EXTRACTED MATERIAL:
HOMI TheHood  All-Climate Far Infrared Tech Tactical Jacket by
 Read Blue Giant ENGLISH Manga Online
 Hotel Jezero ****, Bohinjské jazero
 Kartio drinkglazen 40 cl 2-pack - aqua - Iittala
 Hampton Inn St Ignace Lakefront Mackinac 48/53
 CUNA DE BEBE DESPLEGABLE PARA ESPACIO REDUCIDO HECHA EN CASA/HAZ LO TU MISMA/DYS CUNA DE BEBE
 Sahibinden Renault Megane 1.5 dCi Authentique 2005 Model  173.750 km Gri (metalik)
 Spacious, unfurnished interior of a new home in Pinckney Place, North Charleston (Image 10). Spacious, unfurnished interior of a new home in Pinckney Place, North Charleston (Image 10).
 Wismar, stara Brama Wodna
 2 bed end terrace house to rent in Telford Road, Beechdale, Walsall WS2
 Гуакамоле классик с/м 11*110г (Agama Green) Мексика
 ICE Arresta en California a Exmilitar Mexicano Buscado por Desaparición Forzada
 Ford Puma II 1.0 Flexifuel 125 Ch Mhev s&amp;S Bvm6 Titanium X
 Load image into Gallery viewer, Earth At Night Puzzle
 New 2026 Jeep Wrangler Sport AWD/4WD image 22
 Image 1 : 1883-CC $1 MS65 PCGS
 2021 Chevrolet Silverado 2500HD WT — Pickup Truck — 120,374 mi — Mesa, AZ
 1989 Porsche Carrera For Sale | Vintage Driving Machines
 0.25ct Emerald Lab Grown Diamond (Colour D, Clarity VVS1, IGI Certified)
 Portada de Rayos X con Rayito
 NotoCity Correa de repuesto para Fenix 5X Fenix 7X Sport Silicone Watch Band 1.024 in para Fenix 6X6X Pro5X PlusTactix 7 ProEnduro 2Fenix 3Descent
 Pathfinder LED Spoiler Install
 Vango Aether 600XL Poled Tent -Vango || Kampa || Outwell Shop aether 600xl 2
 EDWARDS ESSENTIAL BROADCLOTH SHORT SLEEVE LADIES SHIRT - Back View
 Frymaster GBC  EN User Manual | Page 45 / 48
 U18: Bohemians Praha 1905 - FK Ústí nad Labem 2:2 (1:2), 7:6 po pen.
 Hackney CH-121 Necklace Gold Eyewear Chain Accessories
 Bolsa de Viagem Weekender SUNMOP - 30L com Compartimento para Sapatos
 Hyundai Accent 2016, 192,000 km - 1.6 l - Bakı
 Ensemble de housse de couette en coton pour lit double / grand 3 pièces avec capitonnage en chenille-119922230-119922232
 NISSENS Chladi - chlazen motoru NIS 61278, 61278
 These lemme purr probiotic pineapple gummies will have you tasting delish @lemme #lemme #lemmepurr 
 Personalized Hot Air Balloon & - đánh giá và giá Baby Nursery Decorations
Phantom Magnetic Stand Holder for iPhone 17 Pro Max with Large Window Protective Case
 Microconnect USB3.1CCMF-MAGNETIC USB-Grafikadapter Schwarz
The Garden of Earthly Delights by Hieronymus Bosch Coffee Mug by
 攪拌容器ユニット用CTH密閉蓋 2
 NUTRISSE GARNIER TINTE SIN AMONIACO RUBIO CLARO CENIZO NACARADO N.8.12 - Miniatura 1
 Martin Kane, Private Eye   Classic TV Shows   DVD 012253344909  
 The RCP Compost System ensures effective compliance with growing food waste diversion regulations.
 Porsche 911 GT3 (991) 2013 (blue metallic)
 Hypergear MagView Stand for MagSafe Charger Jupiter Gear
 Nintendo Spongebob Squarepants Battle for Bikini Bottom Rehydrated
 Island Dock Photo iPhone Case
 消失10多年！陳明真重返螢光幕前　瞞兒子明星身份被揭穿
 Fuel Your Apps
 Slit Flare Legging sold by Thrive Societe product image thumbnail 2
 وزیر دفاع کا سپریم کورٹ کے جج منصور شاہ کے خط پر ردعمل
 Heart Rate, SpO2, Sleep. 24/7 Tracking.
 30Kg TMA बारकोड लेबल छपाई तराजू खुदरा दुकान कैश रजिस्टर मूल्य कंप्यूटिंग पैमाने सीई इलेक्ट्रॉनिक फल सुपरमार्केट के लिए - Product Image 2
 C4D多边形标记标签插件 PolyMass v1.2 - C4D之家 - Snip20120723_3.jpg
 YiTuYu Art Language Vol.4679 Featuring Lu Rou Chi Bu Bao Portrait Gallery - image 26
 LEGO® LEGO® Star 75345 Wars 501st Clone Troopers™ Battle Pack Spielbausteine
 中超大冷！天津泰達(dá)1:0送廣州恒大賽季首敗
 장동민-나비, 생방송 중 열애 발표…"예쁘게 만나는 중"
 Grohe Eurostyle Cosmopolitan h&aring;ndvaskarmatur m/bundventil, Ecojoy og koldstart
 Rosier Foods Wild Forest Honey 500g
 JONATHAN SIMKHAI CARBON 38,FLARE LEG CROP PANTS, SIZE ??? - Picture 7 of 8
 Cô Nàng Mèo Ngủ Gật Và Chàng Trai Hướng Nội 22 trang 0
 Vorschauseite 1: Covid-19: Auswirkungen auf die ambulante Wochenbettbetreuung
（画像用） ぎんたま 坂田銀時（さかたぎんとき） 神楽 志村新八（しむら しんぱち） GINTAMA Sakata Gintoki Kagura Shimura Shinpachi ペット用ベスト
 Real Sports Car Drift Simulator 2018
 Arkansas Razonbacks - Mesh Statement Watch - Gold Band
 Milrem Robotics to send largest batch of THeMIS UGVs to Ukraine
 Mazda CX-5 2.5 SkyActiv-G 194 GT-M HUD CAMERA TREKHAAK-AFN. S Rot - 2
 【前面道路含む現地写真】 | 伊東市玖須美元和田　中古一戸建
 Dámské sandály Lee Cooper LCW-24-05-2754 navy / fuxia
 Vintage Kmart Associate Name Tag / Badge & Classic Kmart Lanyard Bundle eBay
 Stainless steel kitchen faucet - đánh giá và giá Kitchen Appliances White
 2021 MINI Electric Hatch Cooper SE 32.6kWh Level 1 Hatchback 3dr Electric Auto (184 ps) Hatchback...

EXERCISE DIRECTIONS: From the records above, count the lines in which the string "Cooper" is found, and answer with the number alone.

YOUR SOLUTION: 2